He narrows his eyes at me. “I’m not following.”
I snort. “You are amazingly confident in so many ways. You know you’re smart. You know you’re capable. You know you’re attractive.” Cameron shakes his head and tries to say something, but I cut him off. “You are and you know it. I’m not saying you’re arrogant, just that you know these things about yourself and rightly so. You can close a deal with a band that thinks a big record label is musical suicide. You can walk the red carpet next to Grammy winners like it’s an everyday occurrence. You could go to an Ivy League. And you look like a damn Disney prince. Seriously, even Vic thought birds and mice must help you dress every morning.”
At that, Cameron lets loose with a nervous, embarrassed laugh.
“So I don’t understand how you can be so unsure of the best fucking thing you have going for you.”
That quiets him, stills him completely. His face goes slack with shock.
“I have no idea why you don’t see it. I have a feeling if I knew, I’d probably have to track a few people down and punch them in the face.” I take a deep breath, willing myself to calm down. “But seriously, Cameron, how is it that you are so completely unconfident in your voice? It’s one of the best voices I’ve heard in years, and not just because of the tone of it, which somehow manages to sound rough and polished all at once. It’s that you can do any damn thing you want with it. Jazz? Sure, easy. Rock? Absolutely, no sweat. Folk and country and surf music and R&B and pop? Child’s play. So I don’t get how you can’t see it, and since I don’t have that talent at all, well, I can’t help but be both jealous and a little pissed off that you do, but you don’t even seem to know it.”
Cameron blinks, stunned at my honesty.
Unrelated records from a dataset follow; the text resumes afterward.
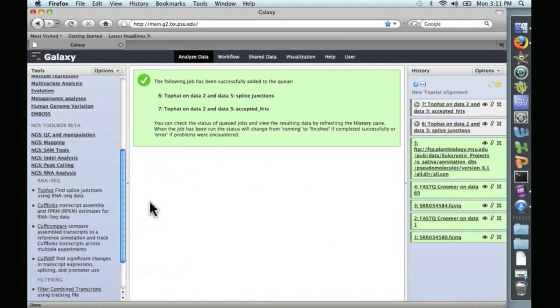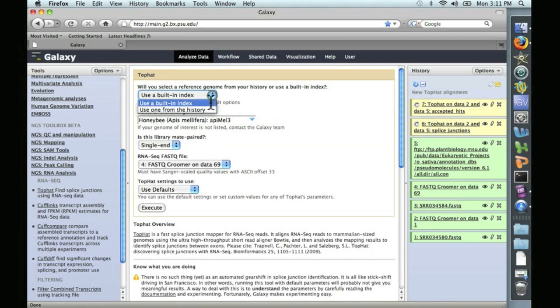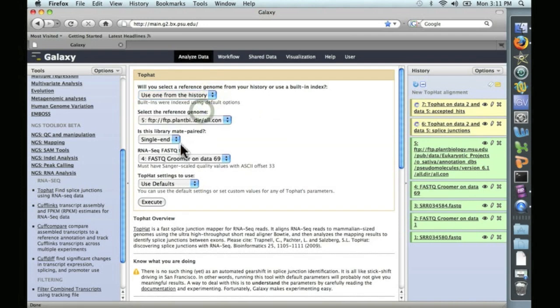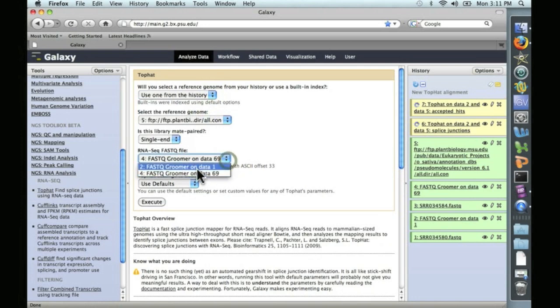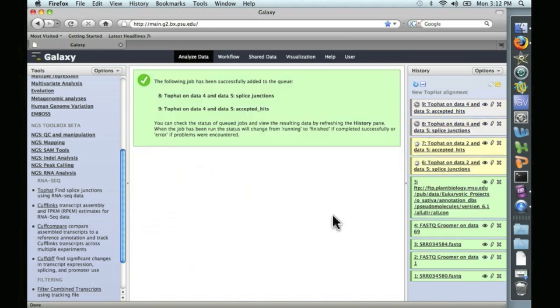This time, however, I'm not just going to go away. We're going to go ahead and queue up the second TopHat run as well. So in Galaxy, you don't have to wait for each step. You can put everything into a queue and run it at a time. So for the second one, we'll use one from the history, and this time we'll choose the second dataset. We'll click Execute.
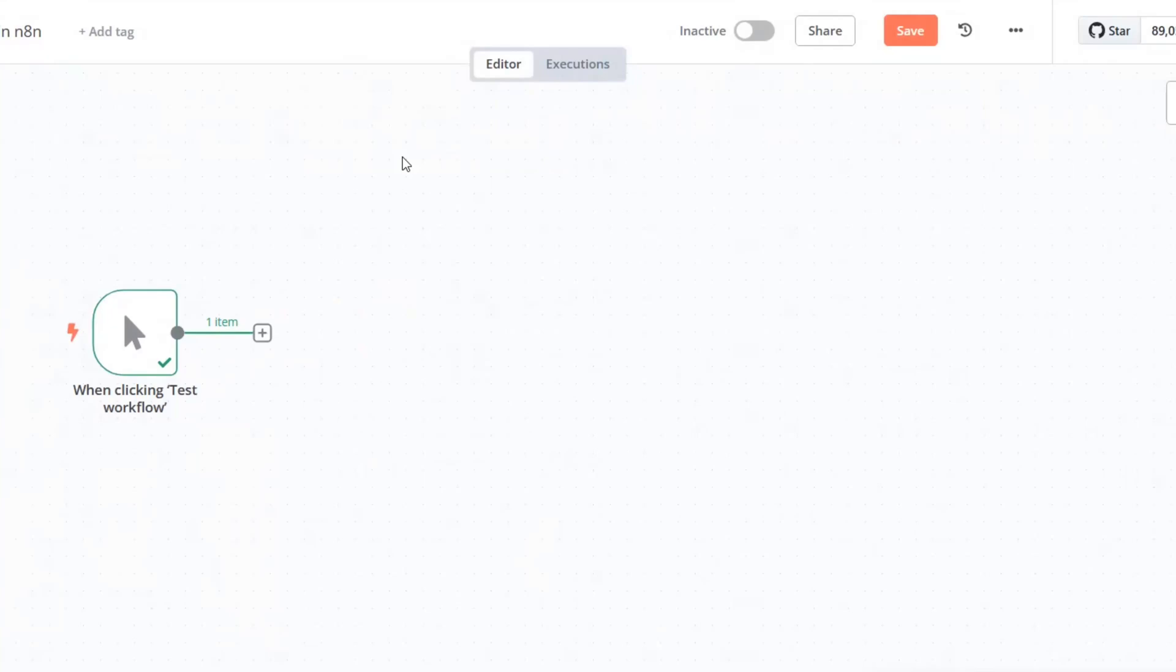Hello. Today I'll guide you through creating a loop structure in N8n. We'll build a workflow that iterates over a list of items and processes them one by one.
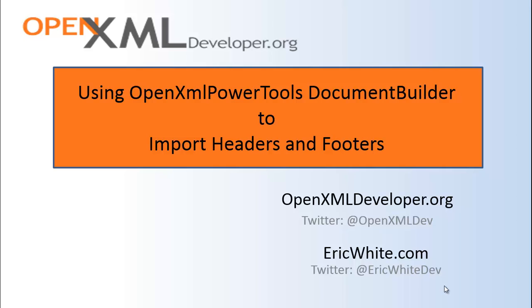Today I am going to discuss how you can use DocumentBuilder to combine headers and footers from one document with the contents, in other words the main document body, of another document.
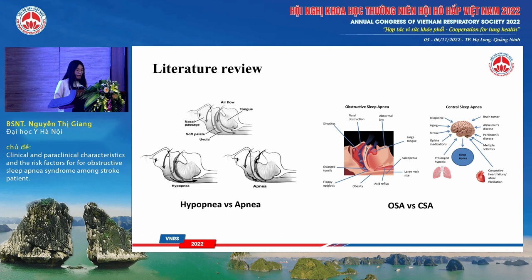Sleep apnea and hypopnea are different versions of the same sleep disorder. Apnea is the complete blockage of air while hypopnea is a partial blockage of air, and many times they occur together. Central sleep apnea is when breathing is disrupted because of a disrupted respiratory effort, and obstructive sleep apnea is when breathing is disrupted because of a blockage or narrowed airway.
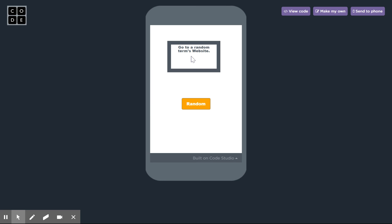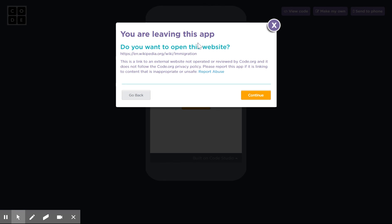I also just made a random add-on where if you click on this button it will take you to a random website with the terms.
I reach out, rest my hand on his arm. It’s kind of an apology, kind of an attempt to comfort and smooth any feathers I might have ruffled.
“I’m sorry. I don’t mean to be hard on you. I just don’t understand it. If I had that voice, I’d have taken over the world by now.”
“I feel the same about you and how you play guitar,” Cameron says. He looks out over the water, then back down at his fingers, which have twisted in a knot. “You asked if I was a soloist in my high school choir. Well, I was once. My whole family flew to New Hampshire to see me perform. It was a song from a Sondheim show. ‘Finishing the Hat.’ Know it?”
I nod. “It’s from Sunday in the Park with George. My grandma took me to see it on Broadway when I was younger.”
Cameron smiles sadly, then looks back at his fingers. “Everyone said I did well. Tess. Mom. Both of my grandmothers. But I heard my father talking to some other parents he knew later. I don’t know, people he knew from the business, I guess. He didn’t know I was close by. He said something like he was grateful I had Paradise to fall back on, since I obviously wasn’t meant to perform.”
“Oh, Cameron,” I say, my heart breaking for him. If it’s possible to hate his father more than I already did, I certainly do now. He’s never said as much; in fact, sometimes he seems openly disdainful of his father, but I can tell from the way he talks about the business, from the way he is so focused on this demo, that his father’s opinion is perhaps the only opinion that matters to him. I want to ask him more about it, to ask if he’s ever sung for his father again, to ask if he knows how wrong his father was, but I don’t. I ask, instead, what perhaps is the most important question for him, for the two of us, for our partnership. “How can I make you see how great your voice is? How do we get rid of the fear?”
Cameron worries his bottom lip between his teeth, but he turns to me, his eyes bright and hopeful. “I think it helps that you’re saying ‘we’ when you talk about it. It’s nice to know you’ve got my back. And I think if my father likes this demo, a lot of the fear will go away.”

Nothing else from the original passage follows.